I hasten to add that this isn’t an argument to eliminate international law curricula in law schools, nor is it an argument for doing away with the more esoteric of the new international courses — those dealing with war crimes and such. I concede that those subjects are worthy of serious study in a university setting. But they aren’t the core of legal education, and we need to re-establish a sense of perspective. We do our students a disservice if we signal to them that these areas of study are more important than anything else in preparing to be a lawyer. And we do an even greater disservice if we require students to immerse themselves in international concepts before they have learned the local ones — those that are the building blocks of good lawyering and that will occupy most of the students’ professional lives.

At the vast majority of American law schools, only a small percentage of graduates will have practices with significant international, transnational or comparative content. No one wants to admit this — who (other than me) wants to appear provincial? — but it’s true.

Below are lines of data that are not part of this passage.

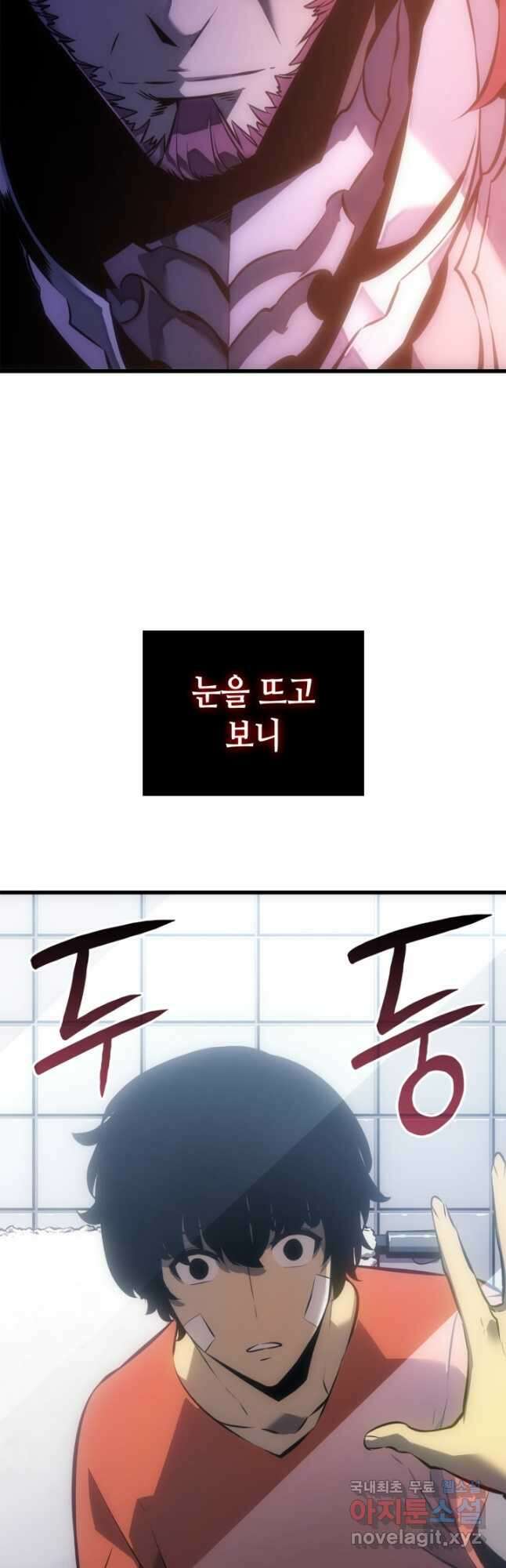 나 혼자만 레벨업 외전 10화 5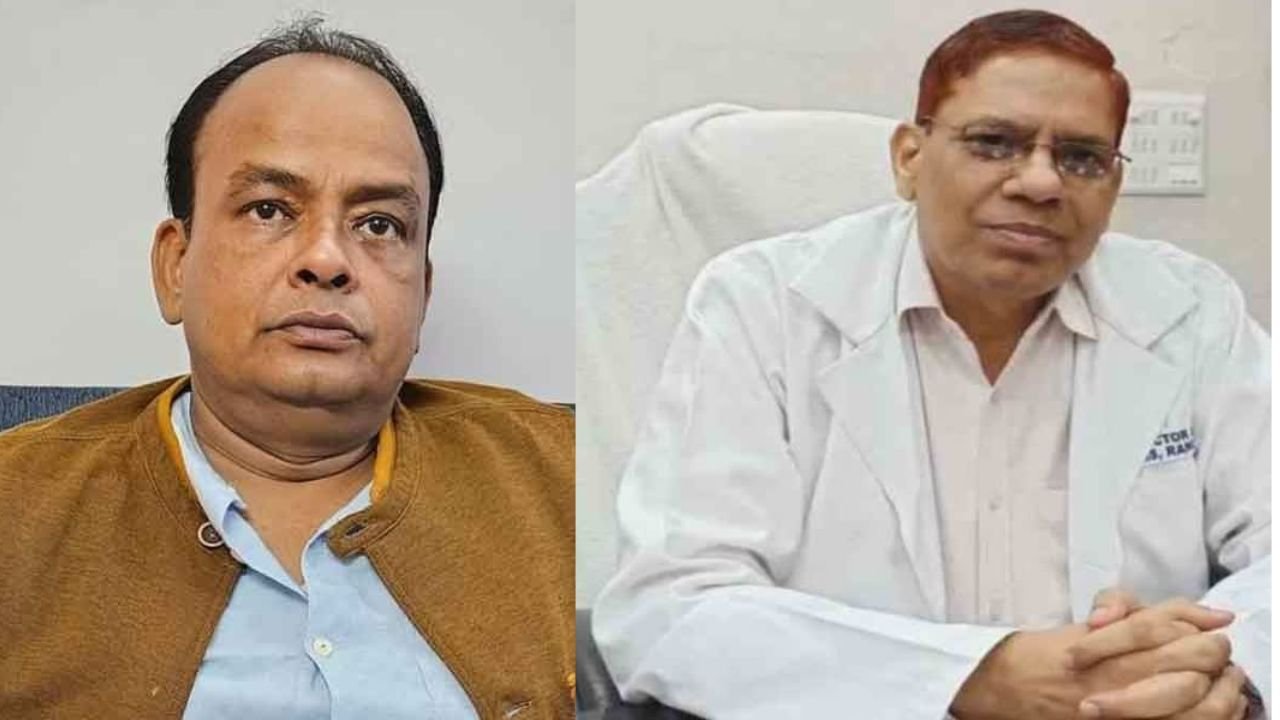 इरफान VS राजकुमारः स्वास्थ्य मंत्री ने अब रिम्स निदेशक को भेजा शो कॉज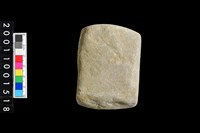 藏品(石錘)的圖片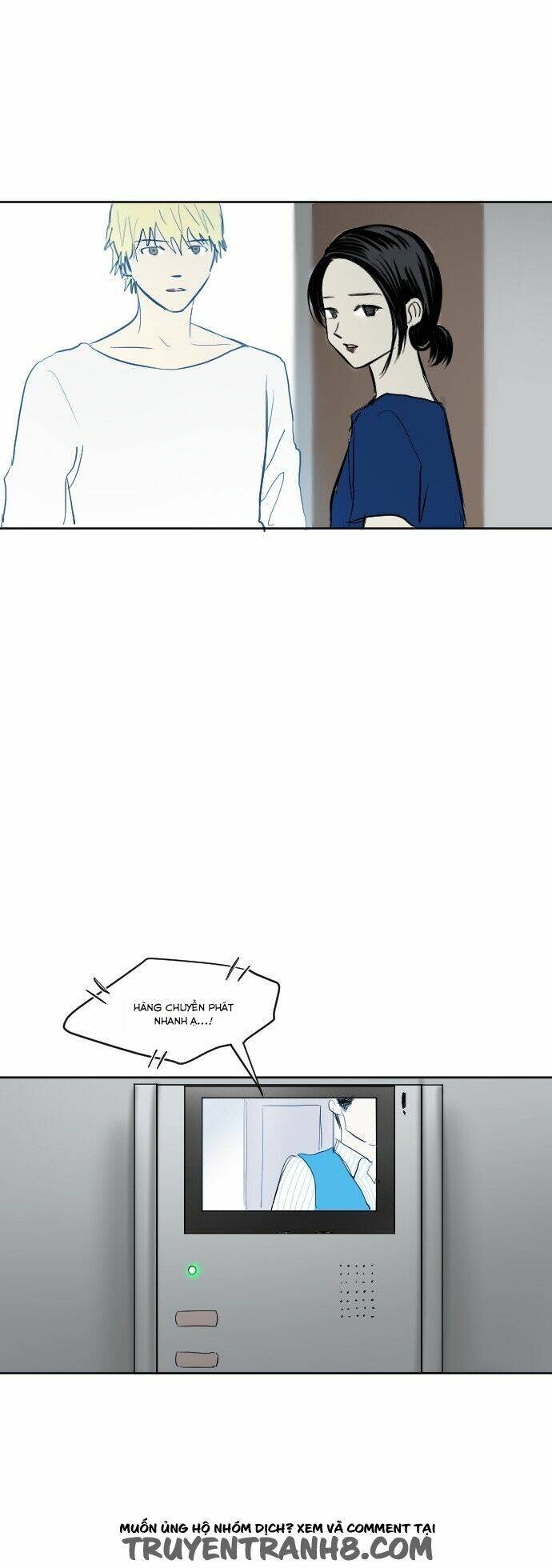 Transparent Cohabitation Chapter 20 - 39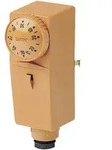 IMIT 100683 BRC Rohranlegethermostat Aufbau Temperatureinstellrad au&szlig;en 1St.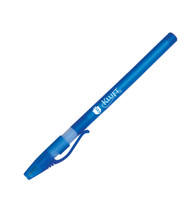 Frosted Ergo Stick Pen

Given that no lawyer can be expected to know the relevant laws of every conceivable jurisdiction or the provisions of every conceivably relevant treaty, how should a student prepare herself for a life in the international transactional arena? The traditional answer to that question — still right, I think — is to study commercial transactions generally. Learn what the legal concerns are in the U.S. context, and you’ll have a leg up on understanding what is needed to put a deal together internationally. If a recent graduate skipped over the basics of U.S. transactions in law school, however, how in the world can she advise an American client on an international deal, or a foreign client on the U.S. aspects of the deal? Taking a few courses on international death penalty policy won’t help her at all.

Even when we were openly and notoriously provincial in our legal training, we made no effort to train students in the laws of all fifty state jurisdictions. We let them know that they might have to check the law (and probably seek local counsel) in jurisdictions other than their own — and to ask for advice about substantive areas outside their own specialisation. The same principles apply here. We can sensitise students to the need to secure help with the law of Zamboni if Zamboni law is relevant. (We ought to be able to make that point in five minutes of class time — or less.) And no one should have to complete a concentration in international law to know that transaction-specific research is likely to be necessary for any sophisticated deal.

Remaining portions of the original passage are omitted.